Surprise for my high school teachers |
© 2016 Michael Swickard, Ph.D. "For
the first time ever, overweight people outnumber average people in America.
Doesn't that make overweight the average then?" Jay Leno
I salute the wisdom of Jay Leno. My
high school nickname was "Slim" since I swam competitively in high
school. Today when someone says, "Hey Slim," I know they are just
trying to get a rise out of me. But I'm now average.
Since the Clemson - Alabama game is
a couple days away I was thinking of William "The Fridge" Perry who in
1981 played on the National Championship Clemson team and then on the Super
Bowl Chicago Bears team. Coach Ryan gave him the nickname of "Biscuit."
The coach said, "The Fridge is only one biscuit away from 350
pounds."
And perhaps we could say I am just
one bowl of green chile and beef away from having to buy new clothes. Hence
this week is the start of the 2016 annual diet week where I do gerbil like
activity until I get distracted from all of that exercise. However, this year I
have a Fitbit activity tracking band that counts my steps so perhaps I will
turn over a new leaf. Perhaps indeed.
Americans try to understand average.
I can safely mention this since we just got by the Thanksgiving Christmas and
New Year's juggernaut of extra calories. After a successful holiday season, I
resemble the average American.
We swim in a sea of statistics with
very few people understanding what they suggest. When I say that half of all
Americans are below average the average American wants to do something about
it. We can't have all of those Americans being below average, or can we?
This notion has been humorously
dealt with by Garrison Keillor's A Prairie
Home Companion where in the segment News
from Lake Wobegon he says, "... (Lake Wobegon) where all the women are
strong, all the men are good-looking, and all the children are above
average."
In 1987, John Cannell, a Virginia
physician, noticed at that time every state claimed their students were above
average. Further, the student scores were found to be uniformly above average
in all states. This syndrome was then labeled the “Lake Wobegon Effect.”
In a recent poll 95% of all drivers
rated themselves above average drivers.

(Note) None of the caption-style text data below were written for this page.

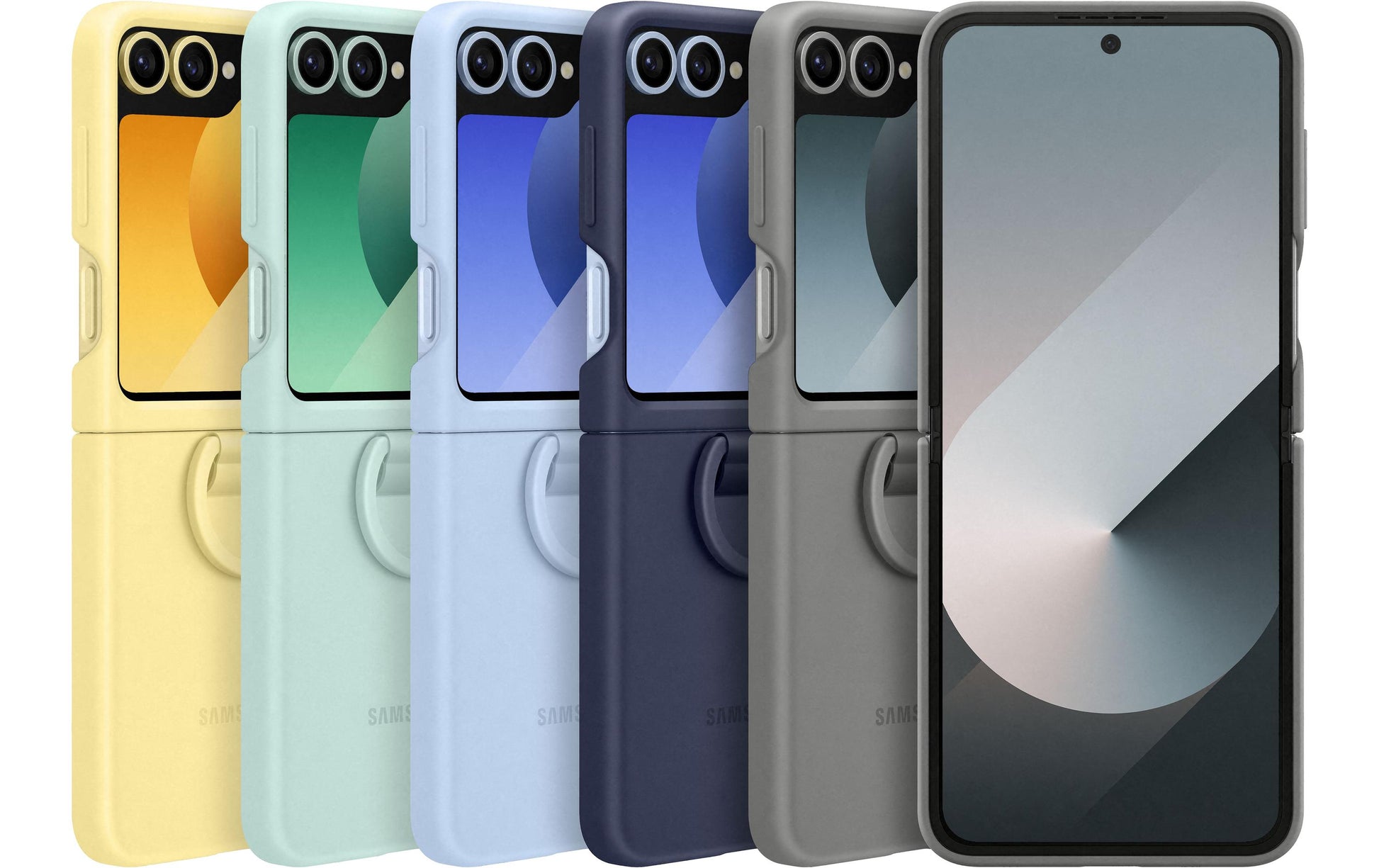 Samsung Backcover – für Samsung Galaxy Z Flip6 – grau – Silikon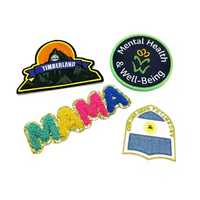 Écussons personnalisés Dansky en vrac, thermocollants, 3D, logo personnalisé, badges appliqués, broderie, patchs brodés, à coudre ou à repasser sur les vêtements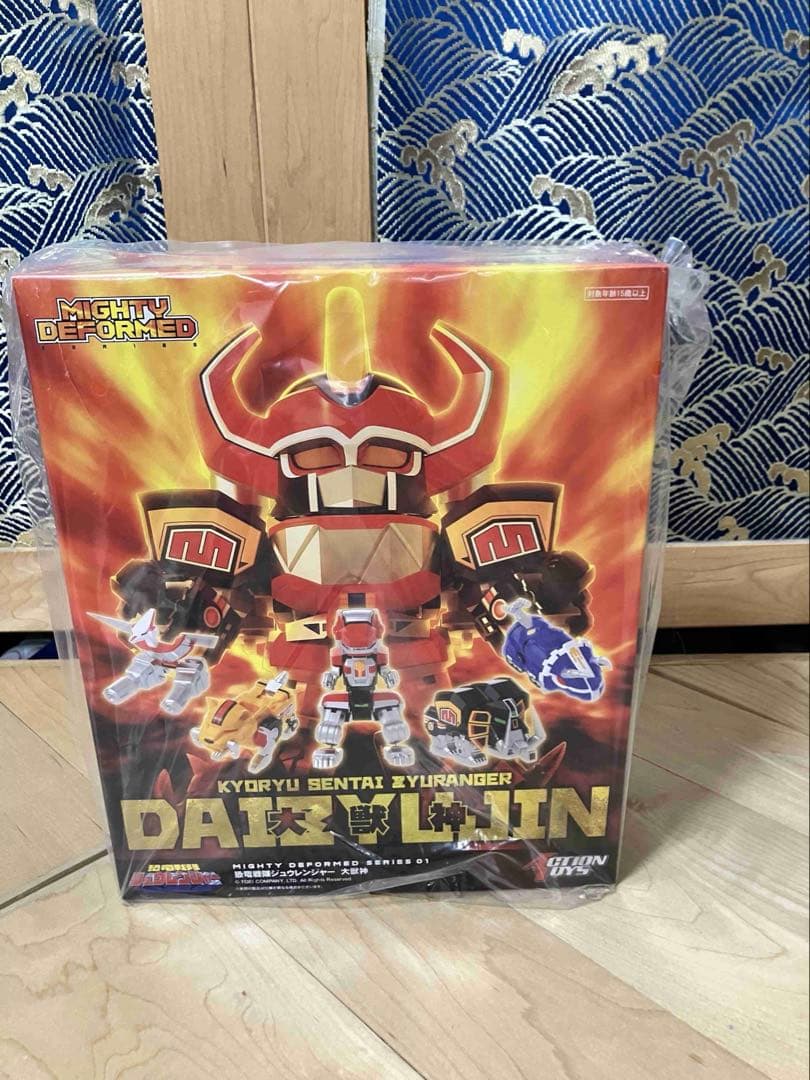 Action Toys恐竜戦隊ジュウレンジャー マイティデフォルメ大獣神塗装済み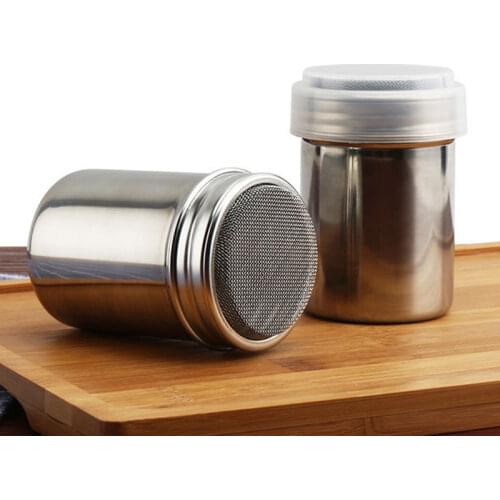 Stainless Steel Chocolate Shaker Cocoa Flour Icing Sugar Powder Coffee Sifter Strainer Cooking Tools Coffee Kitchen Accessories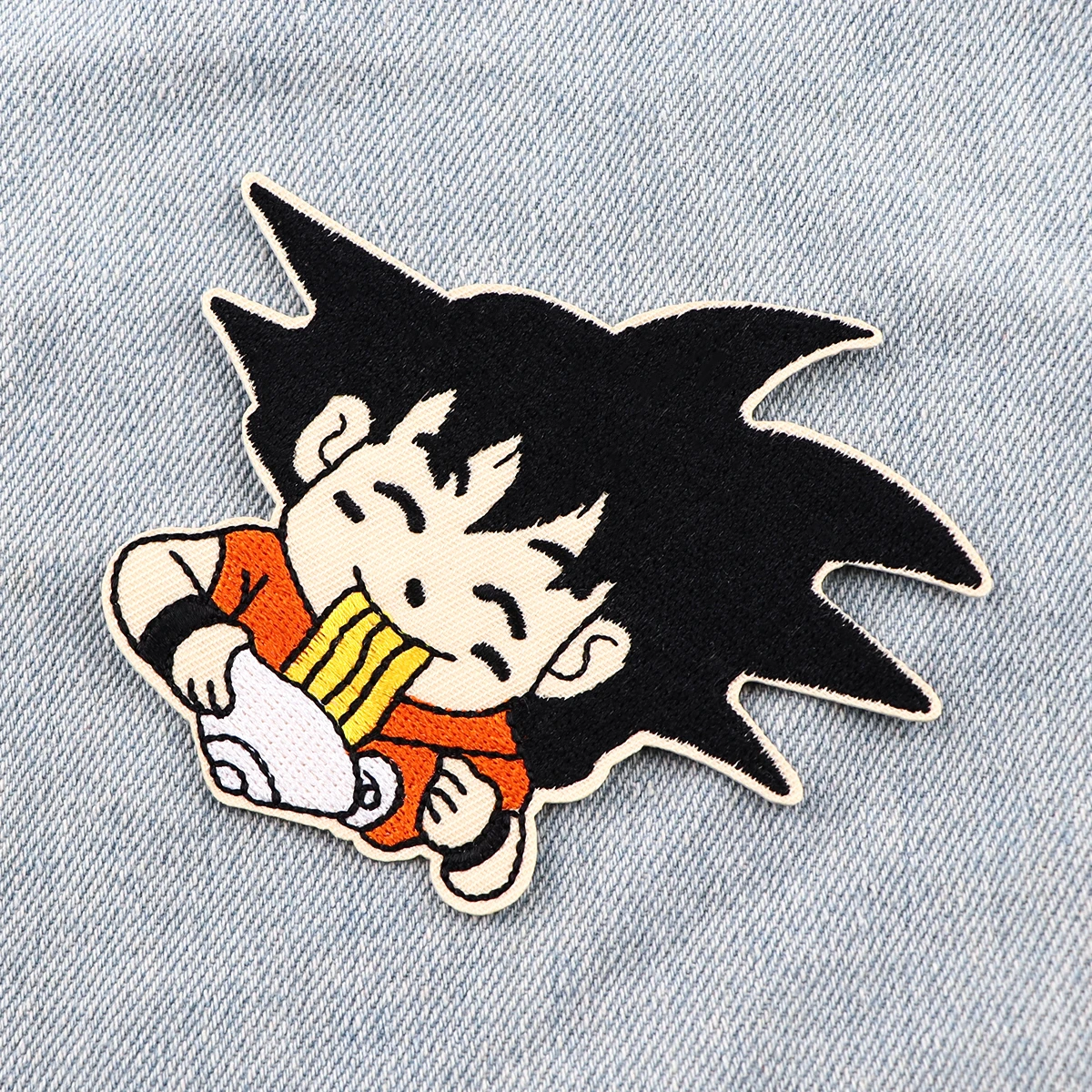 Anime Theme Embroidered Patches For Clothing Thermoadhesive DIY Jackets Iron on Patches For Clothes Cartoon Sew Stickers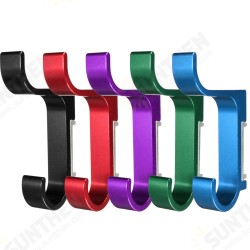 Double Layers Colorful Space Alumimum Wall Mounted Clothes Towel Robe Hook Sundries Hanger Double Layers Colorful Space Alumimum Wall Mounted Clothes Towel Robe Hook Sundries Hanger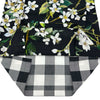 ドルチェ＆ガッバーナ Dolce & Gabbana フローラル総柄切替ノースリーブトップス F7094T ブラック コットン レディース その他トップス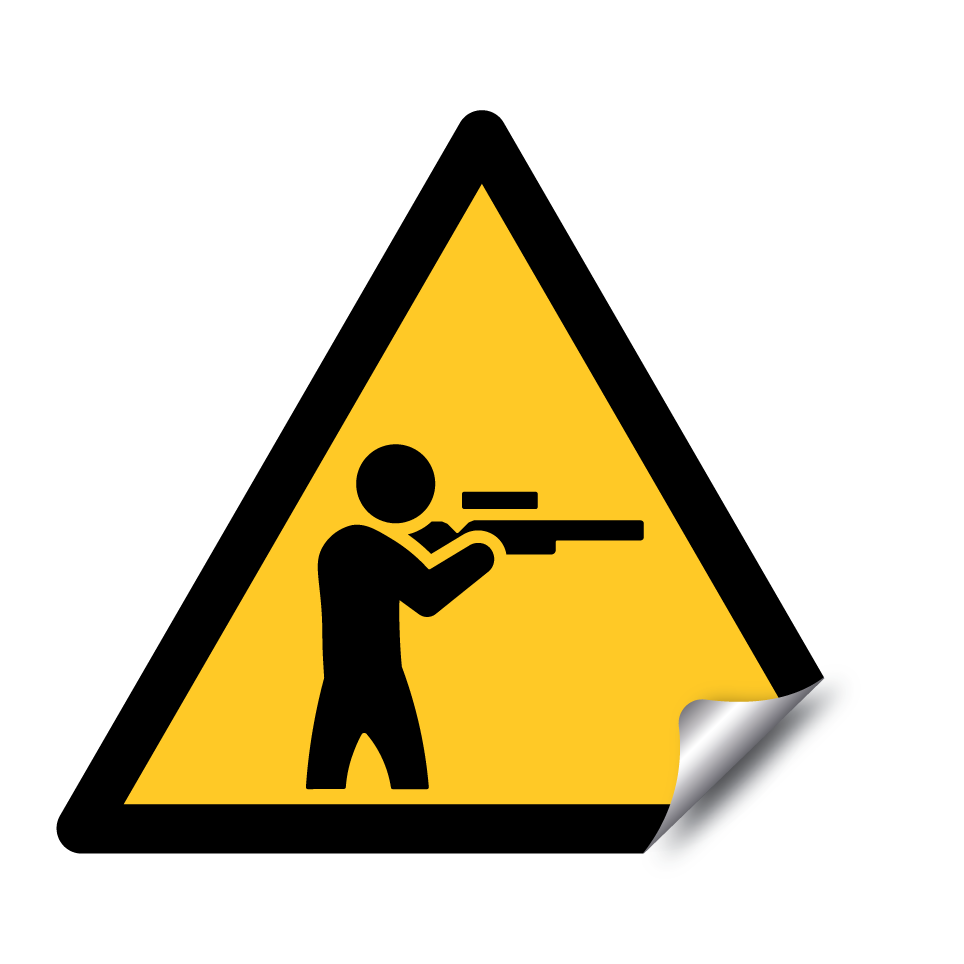 Warnung vor Schusswaffengefahr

Go figure. I admit it sounds bad to be
below average if we care about whatever we are being judged upon. In public
school I was a statistical average student consistently getting the grade of C.
Teachers in exasperation would say, "You could get a B or an A if you
tried."
They didn't understand my philosophy:
if you turn homework in, they will expect it every time. So the non-existent
dog ate my homework. And I cultivated a persona of not being academically
inclined. Truth be known I was just not tuned to their radio station as the
saying goes.
Should we rate my teachers down
because I was not interested in high school except for the things that I found
interesting? In a conversation about my lack of achievement since I had just
over a two point zero grade point average my mother mentioned to the counselor
that I owned a couple thousand books.
Yep, I read all of the time when I
wasn't doing sports. But I didn't find what they wanted me to know interesting.
As far as students going to go to college I was very much below average. But
they just did not understand me since I achieved a Ph.D. when I decided that it
was what I wanted.
The great failing of our public schools
is that they are focused on the adults, not the kids. Some kids are more
compliant than others. All of the measures of public schools are actually only measuring
how compliant the kids are in today's schools. Most are just not compliant.
Me, I would purposely get every
answer wrong on the accountability tests if I was forced to take it. I know
myself and how I dealt with public school fifty years ago. And I would be
labeled below average. So? What the accountability would measure with me is my
engagement with their agenda. I am not.